Q4: How is DOM2 different from Diffuser [4], EDP [5], MADIFF [6], OMAC [7] and OMIGA [8]? Can you please discuss some recent related works comparing DOM2 with offline RL and multi-agent RL literature?
A4: The difference between DOM2 and the stated algorithms are listed in answering the weakness 3 and 4. More comparisons in the experiment will be shown in the future.
I thank the authors for responding to my comments. After going through other reviews and responses from authors, my concerns remain unaddressed-
- Claims on Conservatism: Authors state that DOM2 is beyond conservative methods as a result of its improved performance. Algorithmically, DOM2 still uses the conservative regularization of CQL for policy improvement which makes it a conservative algorithm. The fact that DOM2 identifies more solutions than other methods does not remove it from the bracket of conservative algorithms. Furthermore, identifying diverse solutions does not necessarily correlate with generalization. DOM2 identifies more solutions but conservative methods have shown decent performance in Out-Of Distribution (OOD) settings. Lastly, improvement in results can be observed as a primary consequence of the CQL algorithm from ablations. I encourage the authors to revisit their claims and assess their soundness.

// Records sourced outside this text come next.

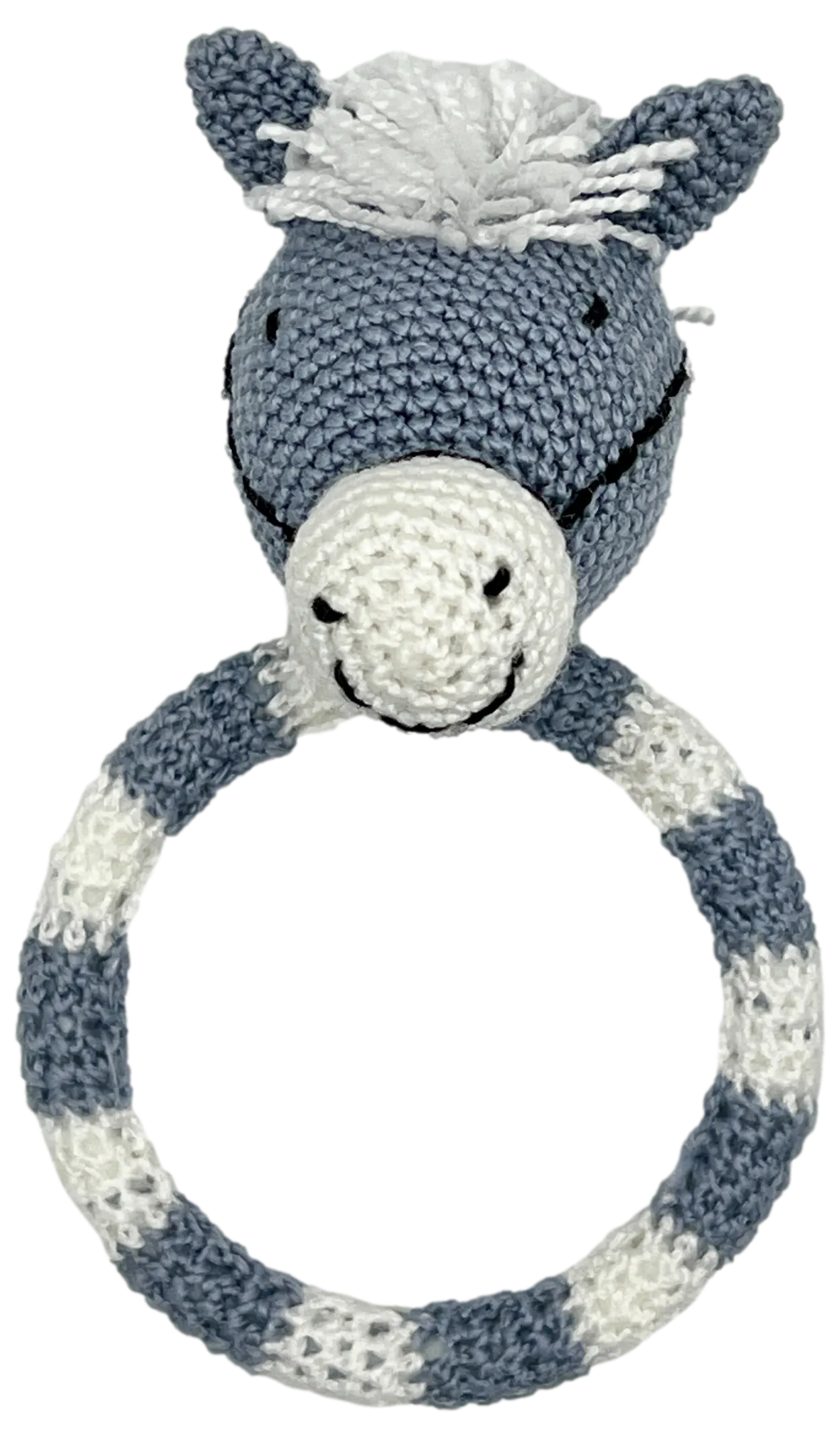 Crocheted Ring Rattles "Animal Theme"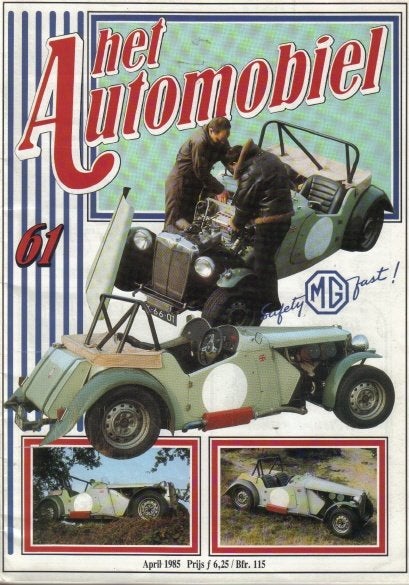 Automobiel 61 1985 : MG TD - Simca - DKW SB - Peugeot diesel, Ophalen of Verzenden, Gelezen, Algemeen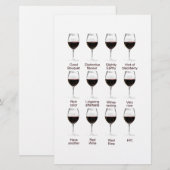 Papeterie Dégustation de vin (Devant / Derrière)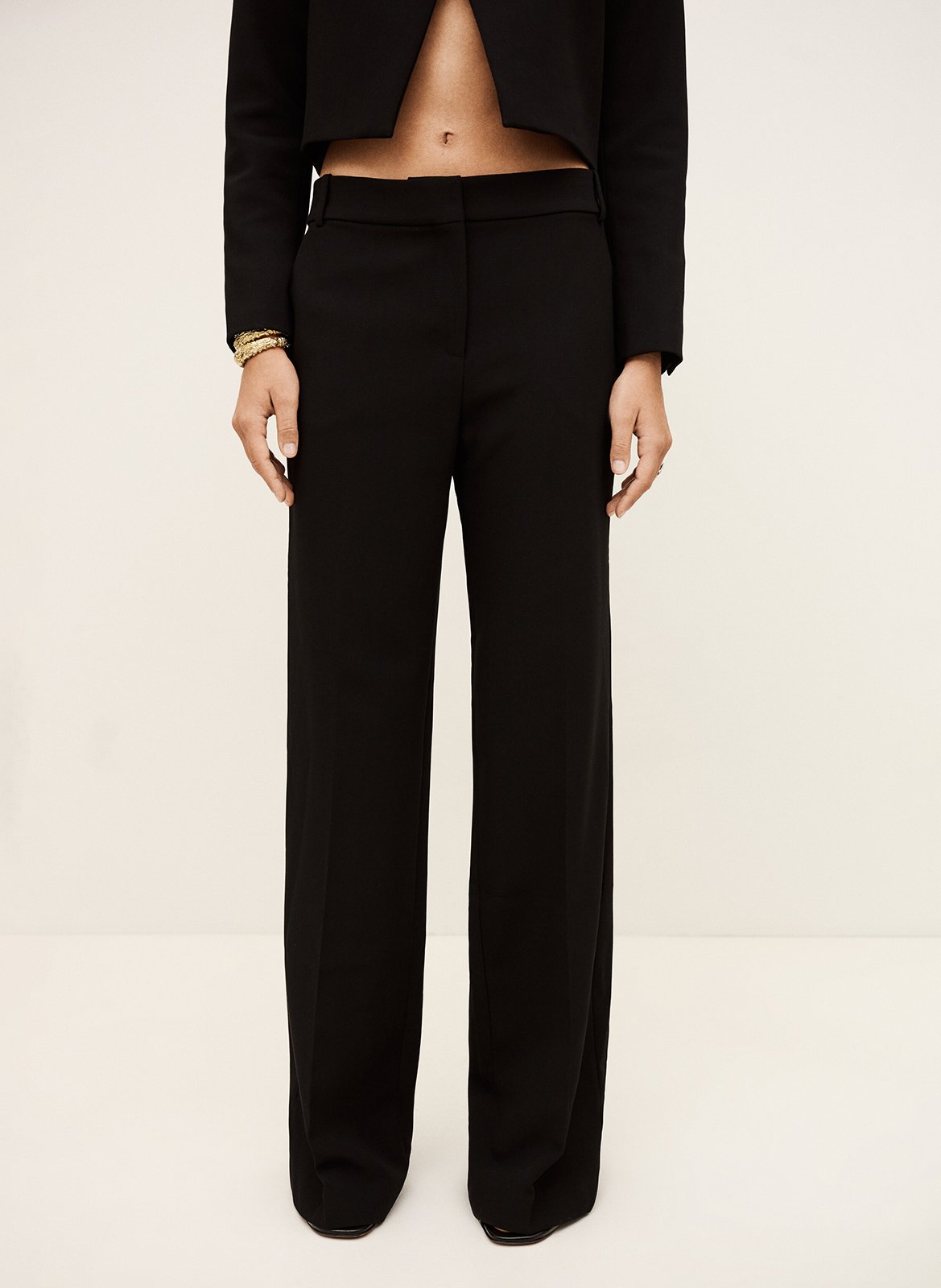 Flared high-waisted pants chaza BA&SH Black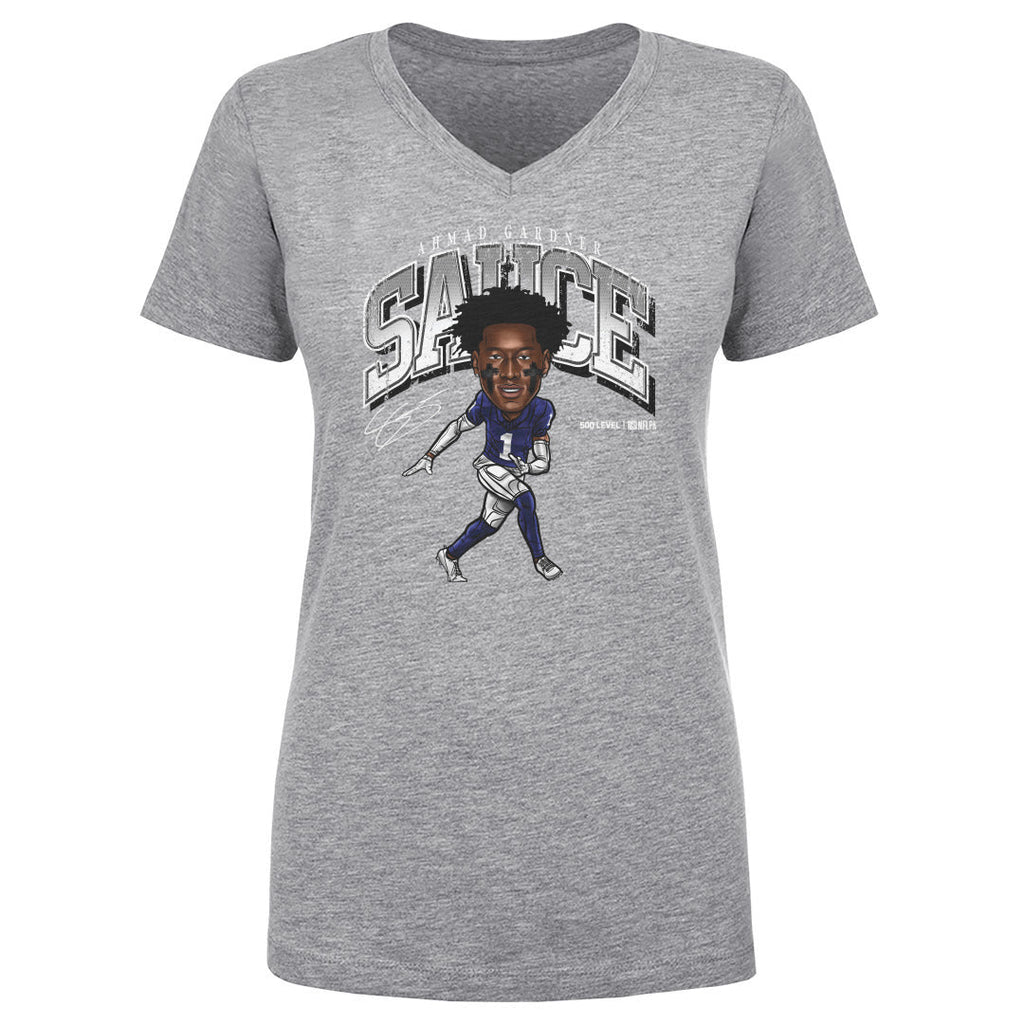 Sauce Gardner Indianapolis Cartoon WHT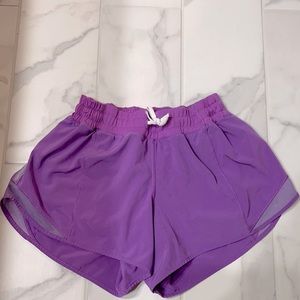 purple lululemon shorts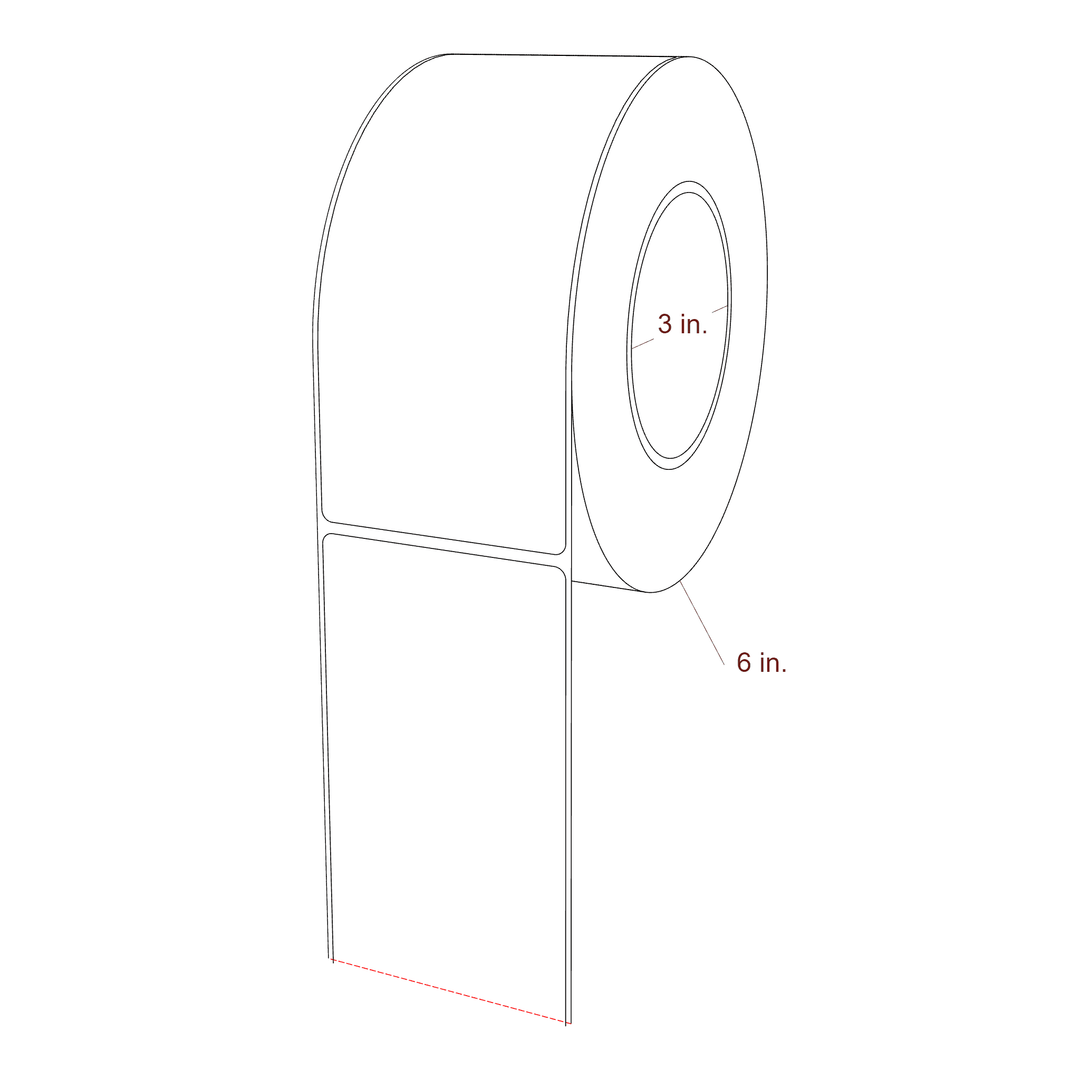 2.85" x 6.5" Inkjet Label Rolls | Fits Epson ColorWorks, VIPColor & Primera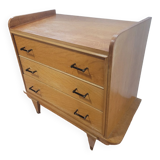 Scandinavian oak chest of drawers from the 60s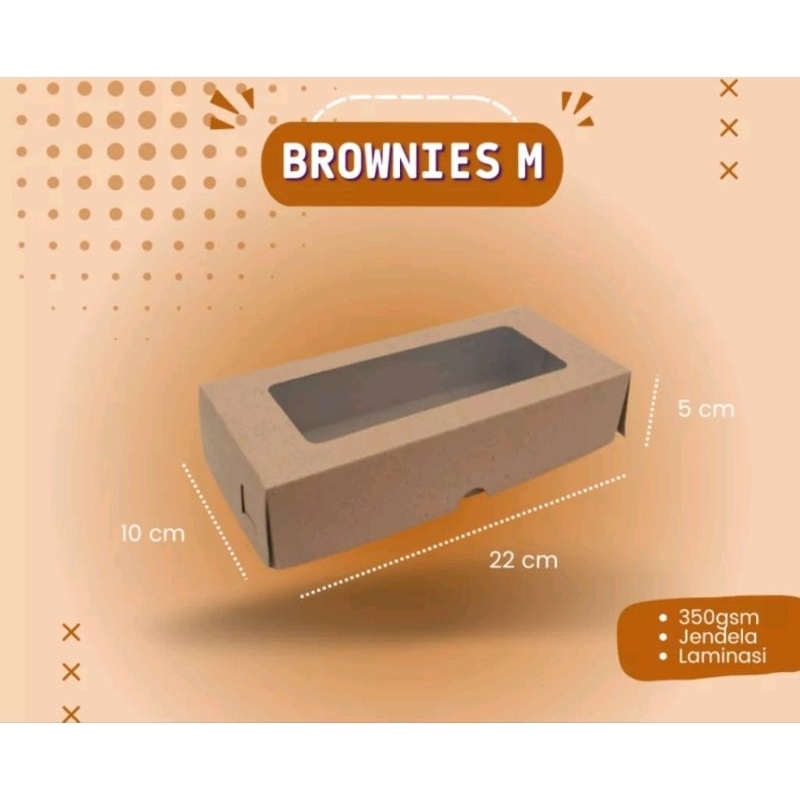 

Dus Brownies (1lembar) Box 22x10x5 / Dus Brownies 20x10x5 /22x11x5 Box Brownies Jendela / Kemasan Brownies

- Data Augmentation: Authors state that the quality of the dataset is not determined by trajectory rewards. It is also stated that the quality of the dataset is related to the performance of behavior policy. I find these statements to be contradictory and confusing. The data augmentation technique uses rewards as a scoring function to select high-quality samples. These samples are then duplicated in the dataset. In my view, this does not conform to a data augmentation technique since none of the data samples are augmented/manipulated in any way. In fact, the technique does not change the distribution of data. It only provides DOM2 with frequent access to high-reward samples. What happens if we do this selective sampling for other baselines? How does the augmentation strategy lead to a change in data distribution in order to grow the dataset? These questions remain unanswered since the technique does not alter data samples. Authors could revise their augmentation strategy or categorize it as a separate design choice for future work.
- Differences from Prior Work: Authors have provided a comprehensive evaluation and discussion of DOM2 in comparison to other works. However, it still remains unclear as to how DOM2 contributes to a new algorithm in principle. Each design choice adopted by DOM2 is a common technique used by offline and multi-agent RL algorithms. A combination of these strategies does not provide new insights into the training of multiple agents. Authors could provide new insights into the generation process of actions of agents or discuss how their implementation scales with the growing number of agents.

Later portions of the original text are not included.